WORK TO BE COMPLETED
Begin the copy at the line containing "Jimmy Vacuum Cleaner" in the data below and end it at the line containing "4490 W Trasino", keeping each line exact and leaving out pictures.

SUPPLIED MATERIAL

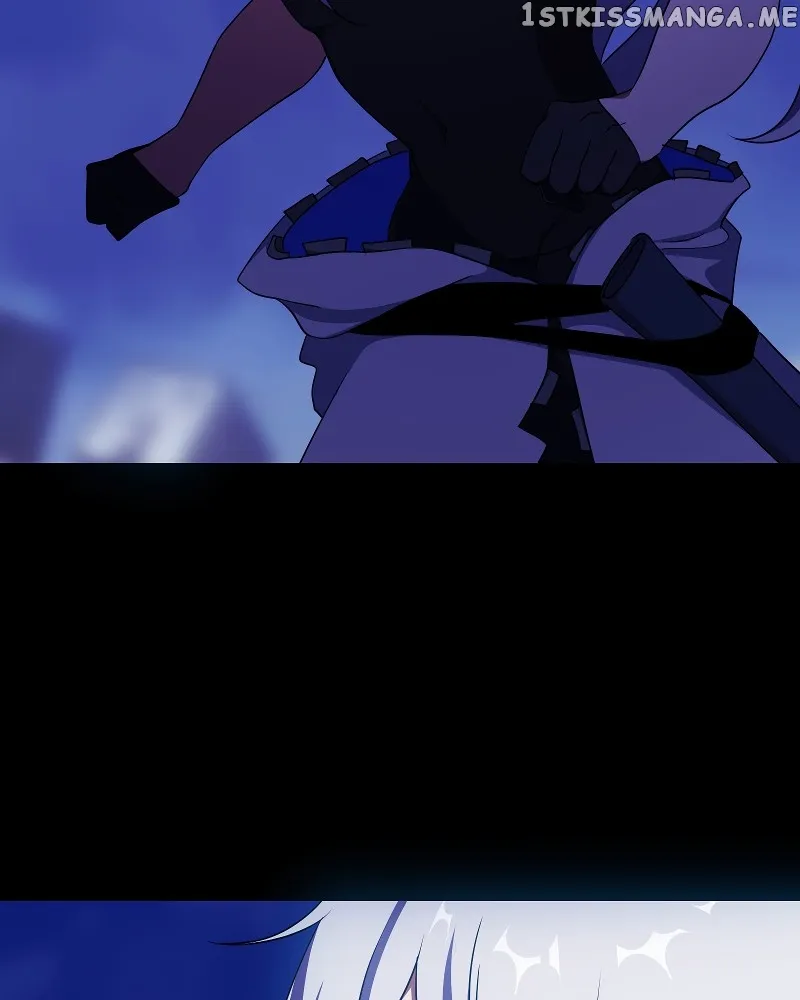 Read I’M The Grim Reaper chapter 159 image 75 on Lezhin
* * *
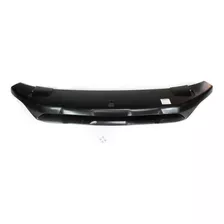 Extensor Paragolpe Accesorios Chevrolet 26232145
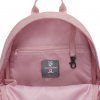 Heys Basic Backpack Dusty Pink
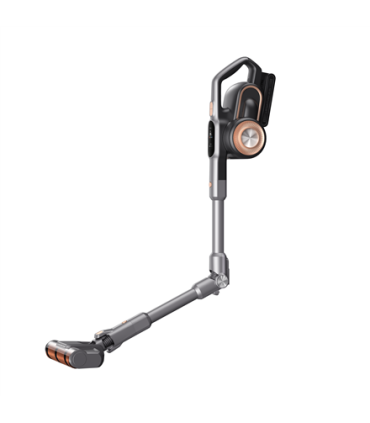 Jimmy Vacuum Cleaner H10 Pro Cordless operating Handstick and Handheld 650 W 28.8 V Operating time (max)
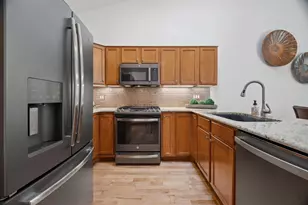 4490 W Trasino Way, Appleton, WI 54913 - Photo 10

RESULT OF THIS EXERCISE
 Jimmy Vacuum Cleaner H10 Pro Cordless operating Handstick and Handheld 650 W 28.8 V Operating time (max)
 4490 W Trasino Way, Appleton, WI 54913 - Photo 10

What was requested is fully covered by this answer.